As expected from the known biology, "plasma cells, immunoglobulins (M156.1)" was one of top-ranked gene sets from QuSAGE meta-analysis (Fig 2), and was significantly more up-regulated (day 7 vs. pre-vaccination) in HR compared to LR. In total, QuSAGE meta-analysis identified 11 gene sets associated with a successful antibody response (Table 2). In most cases (8 of 11; 73%), the QuSAGE meta-analysis of these gene sets yielded a lower P value compared with the individual studies.
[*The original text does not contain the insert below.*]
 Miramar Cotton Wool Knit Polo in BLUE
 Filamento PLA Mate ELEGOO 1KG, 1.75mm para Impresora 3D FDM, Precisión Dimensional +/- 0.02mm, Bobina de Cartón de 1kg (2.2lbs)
Table 2. Nominal P values for individual studies and meta-analyses of gene sets significantly associated with successful influenza vaccination responses (FDR < 15%).
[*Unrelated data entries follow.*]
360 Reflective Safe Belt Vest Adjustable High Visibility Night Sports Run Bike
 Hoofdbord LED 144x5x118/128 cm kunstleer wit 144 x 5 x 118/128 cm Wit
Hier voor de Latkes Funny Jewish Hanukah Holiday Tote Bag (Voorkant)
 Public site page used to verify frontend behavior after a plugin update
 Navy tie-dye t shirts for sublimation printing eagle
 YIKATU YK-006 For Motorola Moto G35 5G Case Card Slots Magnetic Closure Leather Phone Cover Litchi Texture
Gene Sets | SDY63 | SDY404 | SDY400 | Meta-analysis | ||
---|---|---|---|---|---|---|
QuSAGE | Fisher | Stouffer | ||||
plasma cells, immunoglobulins (M156.1) | 0.001 | 0.044 | 0.304 | 0.004* | 0.001* | 0.007 |
mitotic cell cycle in stimulated CD4 T cells (M4.11) | 0.918 | 0.085 | 0.016 | 0.010* | 0.038 | 0.028 |
respiratory electron transport chain (mitochondrion) (M219) | 0.028 | 0.043 | 0.456 | 0.011* | 0.020 | 0.038 |
Plasma cell surface signature (S3) | 0.227 | 0.022 | 0.504 | 0.011* | 0.062 | 0.069 |
plasma cells & B cells, immunoglobulins (M156.0) | 0.002 | 0.139 | 0.326 | 0.011* | 0.004* | 0.025 |
respiratory electron transport chain (mitochondrion) (M216) | 0.108 | 0.072 | 0.241 | 0.014* | 0.051 | 0.035 |
transcription elongation, RNA polymerase II (M234) | 0.115 | 0.036 | 0.652 | 0.016* | 0.066 | 0.109 |
Memory B cell surface signature (S9) | 0.125 | 0.050 | 0.510 | 0.016* | 0.074 | 0.084 |
cell cycle (I) (M4.1) | 0.527 | 0.106 | 0.065 | 0.017* | 0.082 | 0.034 |
respiratory electron transport chain (mitochondrion) (M238) | 0.044 | 0.083 | 0.464 | 0.019* | 0.047 | 0.068 |
enriched in antigen presentation (I) (M71) | 0.711 | 0.728 | 0.000 | 0.020* | 0.001* | 0.009 |
MHC-TLR7-TLR8 cluster (M146) | 0.469 | 0.082 | 0.001 | 0.306 | 0.003* | 0.001* |
* Gene sets significantly associated with successful responses (FDR 15%), using QuSAGE, Fisher’s method or Stouffer’s method for meta-analysis,
Underlined: Gene sets where QuSAGE meta-analysis yielded lower P values compared with the individual studies
We next compared QuSAGE meta-analysis with other meta-analysis approaches. Existing gene set meta-analysis methods were designed to perform pairwise comparisons between two phenotypes/conditions and cannot be easily applied to the four-way comparison in our case study. For our comparative analysis, we first used Fisher’s method [23] and Stouffer’s method [24] to combine P values from QuSAGE single gene set analysis from each study and compared the results with QuSAGE meta-analysis. Using the same FDR cutoff of 15%, Fisher’s method and Stouffer’s method identified fewer gene sets than QuSAGE. Fisher’s method and Stouffer’s method identified 4 and 1 significant gene sets, respectively, including only a single gene set not found by QuSAGE (Fig 3A, Table 2). It is possible that QuSAGE meta-analysis was more sensitive, and identified additional significant gene sets, compared with Fisher’s method or Stouffer’s method at the cost of decreased specificity. To investigate the specificity of QuSAGE meta-analysis, we permutated the labels of LR and HR individuals 2000 times and applied the same meta-analyses using all three approaches. With the same FDR cutoff 15% applied to each permutation, only 134 out of 2000 permutations generated even a single false positive gene set result using QuSAGE meta-analysis; while 380 and 384 permutations produced false positives when using Fisher’s and Stouffer’s method, respectively (Fig 3B). These results suggest that QuSAGE meta-analysis is conservative and the increased number of significant gene sets identified by QuSAGE in the real data was not due to QuSAGE simply generating lower P values (i.e., QuSAGE meta-analysis is not trading off specificity for sensitivity).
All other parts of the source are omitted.